Installatie van verborgen bedrading

In de praktijk van elektrische werken wordt verborgen elektrische bedrading uitgevoerd door APPVS- en APV-draden door ze direct in de dikte van bouwconstructies te leggen: in gips, betonnen scheidingswanden, onder gips, in holtes en kanalen van plafonds en muren.

Verborgen bedrading van draden wordt uitgevoerd met inachtneming van de volgende vereisten: draden in dunwandige scheidingswanden tot 80 mm of onder een pleisterlaag worden parallel aan architecturale en constructielijnen gelegd; de afstand tussen horizontaal gelegde draden en vloerplaten mag niet groter zijn dan 150 mm; in bouwconstructies met een dikte van meer dan 80 mm worden de draden langs de kortste routes gelegd.

In gebouwen van bakstenen gebouwen, evenals in grote blokgebouwen met scheidingswanden van kleine platen, wordt verborgen bedrading met platte draden als volgt uitgevoerd: in bakstenen en gepleisterde muren - direct onder een laag pleisterwerk; in muren van grote betonblokken - in de naden tussen blokken en individuele secties in kanalen; in plaatplafonds met tegels — in plaatholten.

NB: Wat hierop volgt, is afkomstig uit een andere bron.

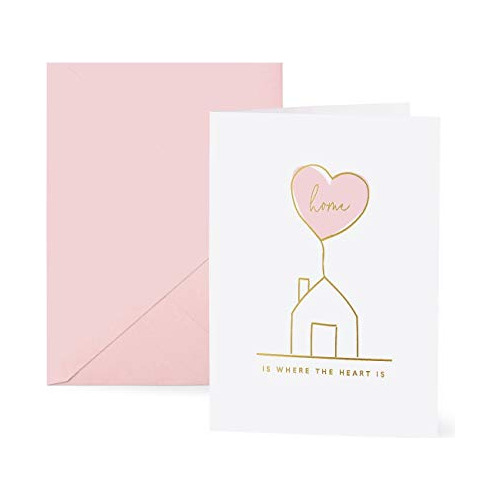 Paquete De 6 Tarjetas De Papel A6  Home Is Where The He...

De installatie van elektrische bedrading begint na voltooiing van de bouwwerkzaamheden en het leggen van een schone vloer.

De installatie van verborgen elektrische bedrading wordt in een bepaalde volgorde uitgevoerd.

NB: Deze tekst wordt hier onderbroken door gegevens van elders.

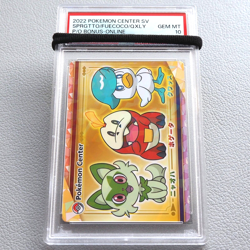 Pokemon Center Partner Card PSA10 Scarlet & Violet Sprigatito Japanese PS197 - Image 1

Eerst markeren ze de bedradingsroute, bepalen ze de plaatsen voor het installeren van aansluitdozen voor schakelaars en stopcontacten, haken voor lampen. Markering begint met het bepalen van de plaatsen voor het installeren van schermen, lampen, schakelaars en stopcontacten volgens het project.

Markeer vervolgens de draadsporen. De platte draden worden op een afstand van 100 - 150 mm van het plafond of 50 - 100 mm van een balk of kroonlijst gelegd. De draden kunnen in de sleuven tussen de scheidingswand en het plafond of de balk worden gelegd. De leidingen naar de contacten worden gelegd op de hoogte van hun installatie (800 of 300 mm vanaf de vloer) of in de hoek tussen de scheidingswand en het bovenste deel van de vloerplaat. Afdalingen en stijgingen naar schakelaars, lampen worden verticaal uitgevoerd.

Bij het leggen van draden en kabels in kanalen van geprefabriceerde bouwconstructies is het markeren van routes en plaatsen voor installatie van apparaten niet vereist.

Controleer de geschiktheid van de kanalen voordat u de draden met een manometer vastdraait. De diameter van de meter moet minimaal 0,9 zijn van de ontwerpdiameter van het kanaal. Bijzondere aandacht wordt besteed aan de aanwezigheid van zwellingen en scherpe randen op de kruispunten van de constructie-elementen van de gebouwen.

Controleer dan de staat van de aansluitnissen van aangrenzende aansluitpanelen. De nis is gemaakt van een halfronde vorm met een straal van 70 mm. draden worden in de kanalen van het apparaat naar dozen en nissen getrokken. De klemkracht mag niet groter zijn dan 20 N per vierkante mm van de totale doorsnede van de draden.Met een kanaaldiameter van 20 mm kunt u tot 5 draden spannen met een doorsnede van 25 mm - tot 8 draden met een doorsnede van 205 mm in het vierkant.

Met een beperkt aantal draden en een korte lengte van het kanaal, wordt het spannen handmatig gedaan, met een groot aantal - met behulp van staaldraad voorgespannen in het kanaal.

We raden u aan om te lezen:

Waarom is elektrische stroom gevaarlijk?